JUMS: Wie unterscheiden sich Anleger, die anhand der Prospektivtheorie Aktien bewerten und Geld investieren, im Vergleich zu anderen Anlegern?
Maximilian Piehler: Ich denke diese Frage wurde teilweise schon beantwortet. Generell zeigen Anleger, die nach der Prospect Theory Aktien bewerten, irrationale Verhaltensweisen bei der Entscheidung vom Aktienkauf. Zusätzlich könnte man auch davon ausgehen, dass diese Verhaltensweisen eher kleinere Anleger betreffen, da diese nicht genügend Ressourcen besitzen, um sich über zugrundeliegende Unternehmen zu informieren.

 

JUMS: Kannst Du unseren Leser*innen noch einen Tipp geben, wobei man bei der Erstellung einer Abschlussarbeit achten sollte?
Maximilian Piehler: Bei der Abschlussarbeit war für mich besonders das Zeitmanagement wichtig. Ich denke es ist gut, so früh wie möglich anzufangen, auch wenn in den ersten zwei Monaten vielleicht noch keinen Satz geschrieben wird. Viel Lesen und ein Verständnis für die Literatur im speziellen Bereich finde ich auch wichtig. Es geht auch darum sehr selbstkritisch zu sein, wenn etwas nicht logisch erscheint, sollte es überprüft werden. Überprüfte aber unerwünschte Ergebnisse sollte man nicht ignorieren. In meinem Fall konnte ich meine Hypothese nicht vollständig belegen – trotzdem waren die Ergebnisse am Ende relevant.

 

JUMS: Wie bist Du auf die Idee gekommen, deine Arbeit bei JUMS einzureichen?
Maximilian Piehler: Ich bin in der Universität auf JUMS aufmerksam geworden. Da ich sehr viel Arbeit und Zeit in die Masterarbeit gesteckt habe, wollte ich nicht, dass sie einfach verschwindet. Anhand meiner Note war mir bewusst, dass die Arbeit sehr gut war, ich wollte jedoch auch zusätzliches Feedback in einem Blind-Review. Vielen Dank nochmals an JUMS!

 

JUMS: Du bist nun nach deinem Masterabschluss bei der Allianz im Bereich Real Estate beschäftigt. Wäre die Wissenschaft dennoch in Zukunft etwas für Dich?
Maximilian Piehler: Ich bin an sehr vielen Themen interessiert und kann mir einen Wechsel in die Wissenschaft vorstellen.

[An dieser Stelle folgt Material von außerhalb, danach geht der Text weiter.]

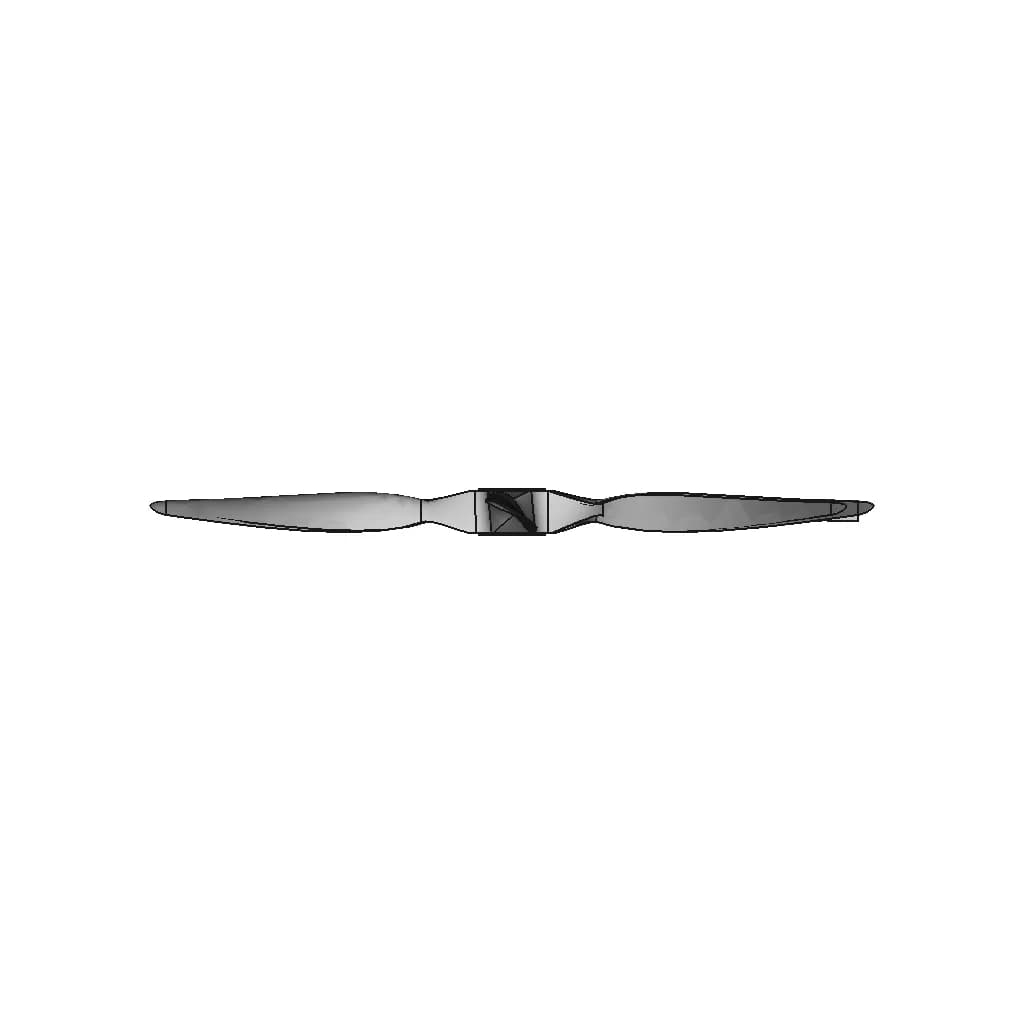 CAD Model of Propeller 4 Blade for Engineering Projects_90_0_degree_snapshot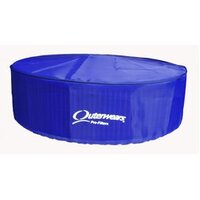 Outerwears - 10-1020-02 | Air Filter Pre-Filter Assembly with Top - 14" x 5" Element - Blue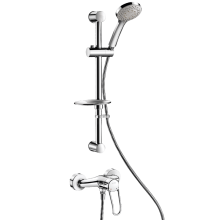 Delabie Duschsystem m. Einhebelmischer 2539EPS, Standard S-Anschlüsse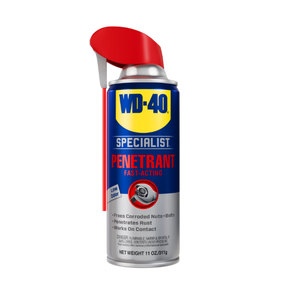 WD-40 Specialist Spray Penetrante, WD40 Sverniciatore Antiruggine ad Azione Rapida per Bulloni, Dadi e Componenti Bloccati, Scioglie Rapidamente la Corrosione - Product Image 1
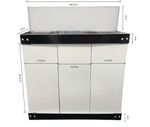 Coroplast Recycling Bin 2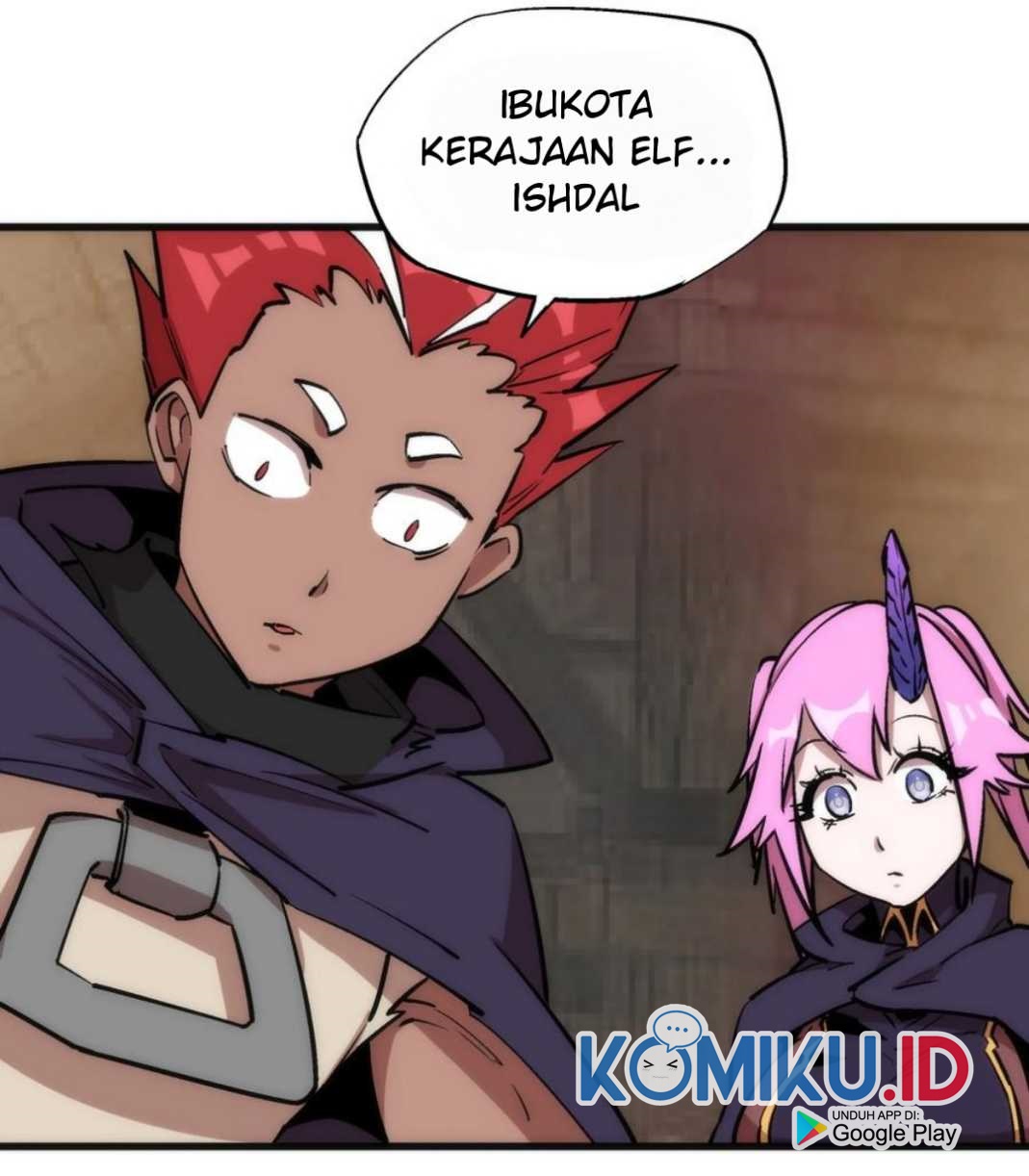I’m Not The Overlord Chapter 20 Gambar 14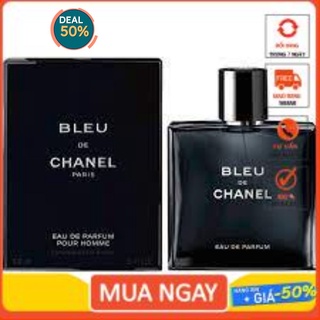 Nước hoa chanel bleu eau de parfum 100ml, edt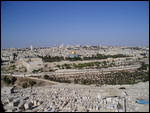 A view of Jerusalem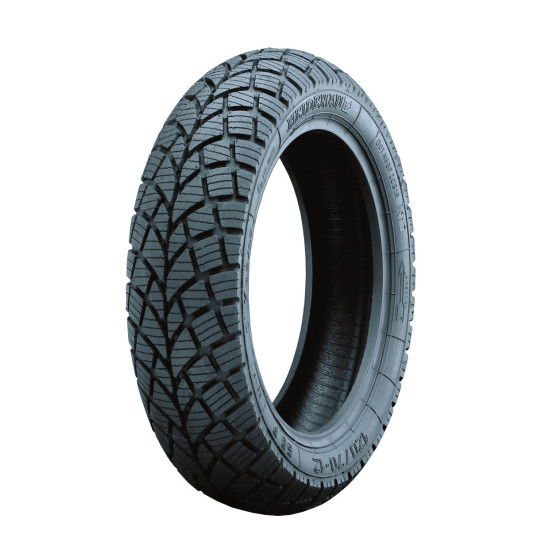 HEIDENAU TIRE 130 / 70-12 K66 M+S LT 62P REINF TL FRONT / REAR DOT 45-46 / 2025 (WINTER TIRE)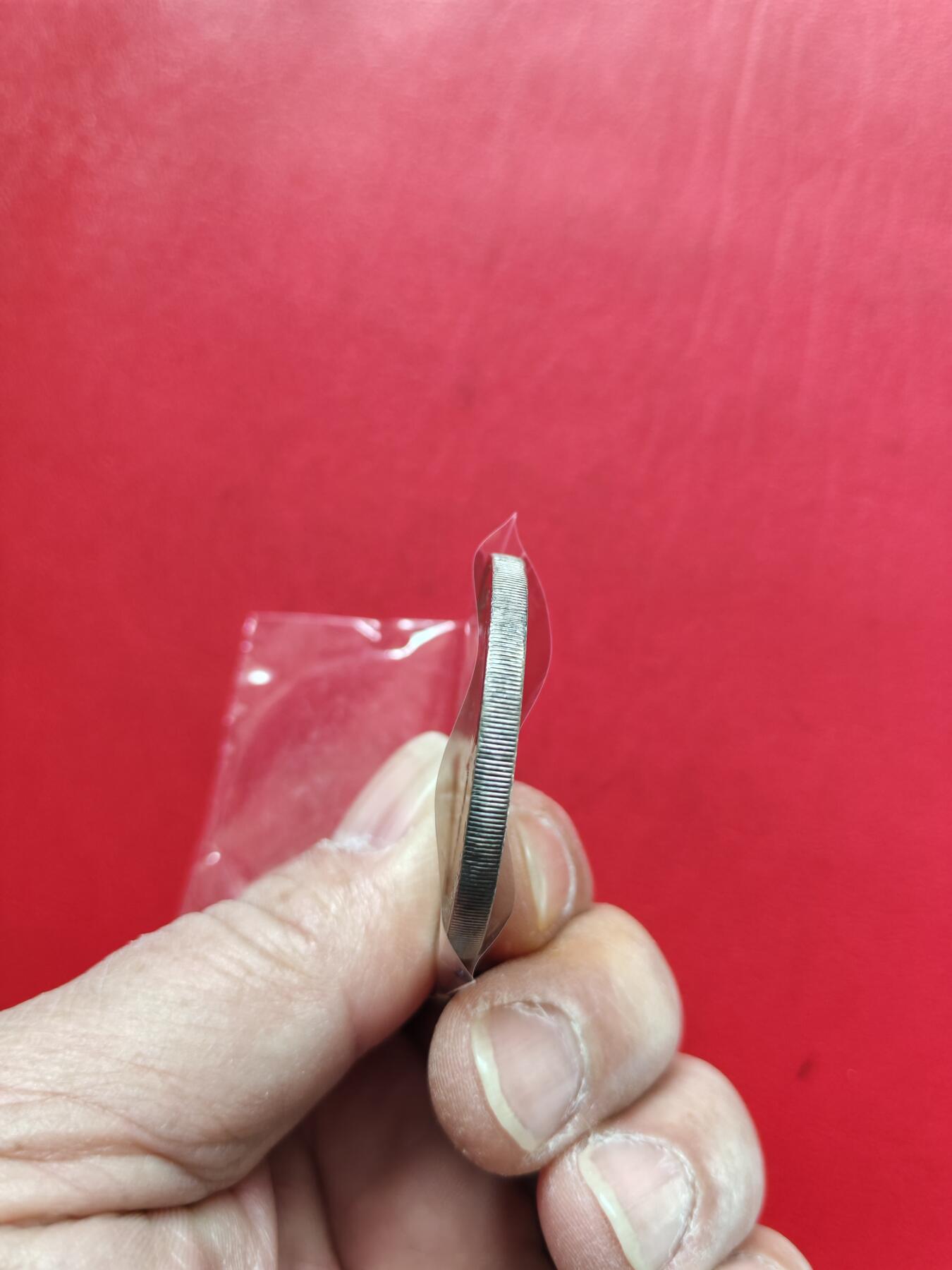 【云涧收藏】第八十一场 英国1981年查尔斯和戴安娜结婚克朗纪念币，UNC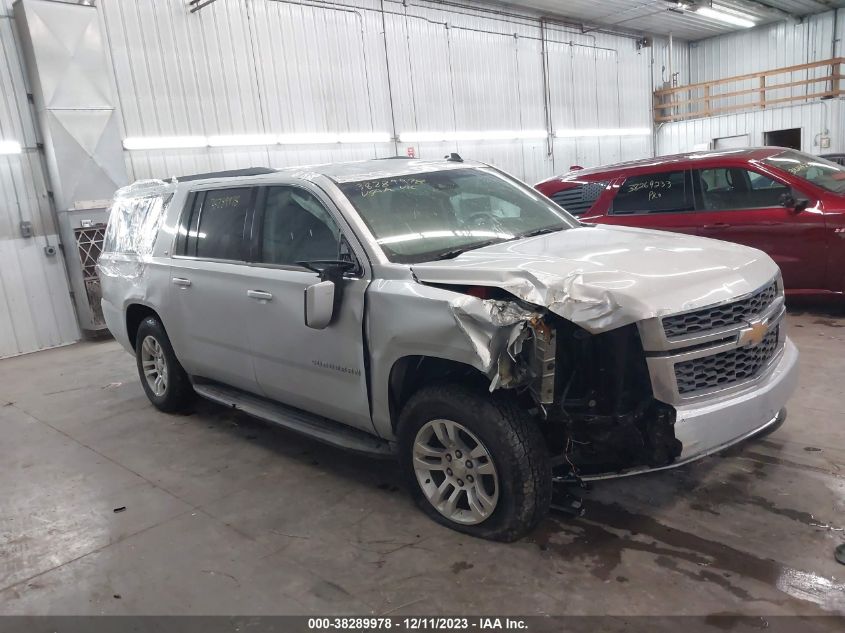 2015 CHEVROLET SUBURBAN 1500 LT - 1GNSKJKC8FR238674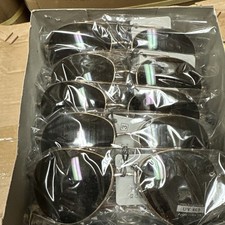 Bulk Wholesale Sunglasses Lot of 12 Gold Pairs Assorted Styles Men Women Kids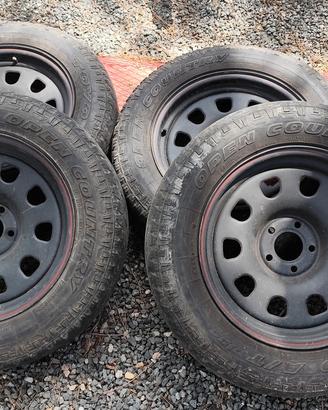 Cerchi Suzuki o Jeep 5x114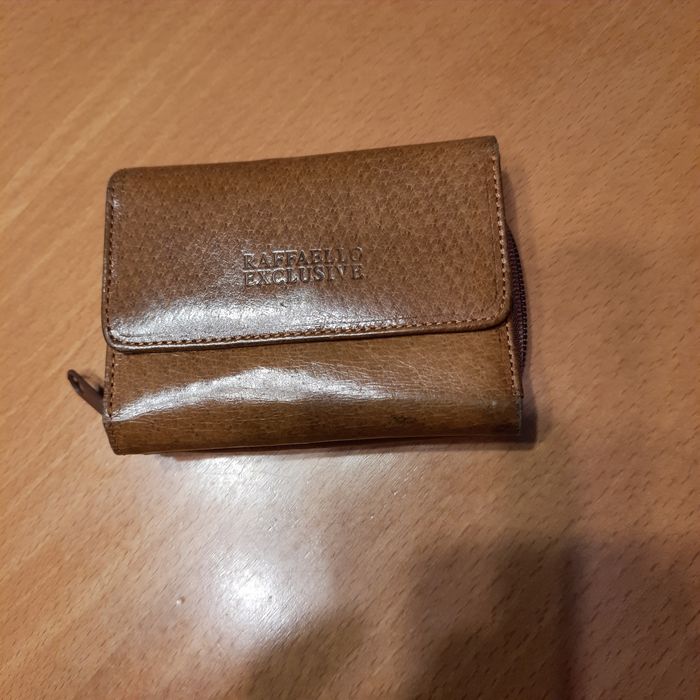 Portfel damski z ekoskóry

Zurzeit genieße ich es jedoch, in einen mir vorher nicht sehr bekannten Bereich einzutauchen. Grundsätzliche Probleme für eine wissenschaftliche Karriere ergeben sich bei mir aus der heutigen Situation – Teilzeitstellen und Befristungen zusätzlich zu niedrigen Gehältern machen Stellen an Universitäten aus meiner Sicht unattraktiv. Ich denke hier wäre die Politik in der Pflicht bessere Voraussetzungen zu schaffen.

 

JUMS: Zum Abschluss des Gesprächs gibt es bei uns immer einen kleinen Ergänzungssatz, den wir dich bitten würden, zu vervollständigen: “Eine Abschlussarbeit zu schreiben, bedeutete für mich…
Maximilian Piehler: ….. bestätigt und vor Augen geführt zu bekommen, wieviel man in 5 Jahren Studium gelernt hat.

 

JUMS: Vielen Dank für die Einblicke und deine Zeit, lieber Maximilian. Wir wünschen dir viel Erfolg für die kommenden Lebensabschnitte und würden uns freuen, auch in Zukunft wissenschaftliche Arbeiten von dir zu lesen!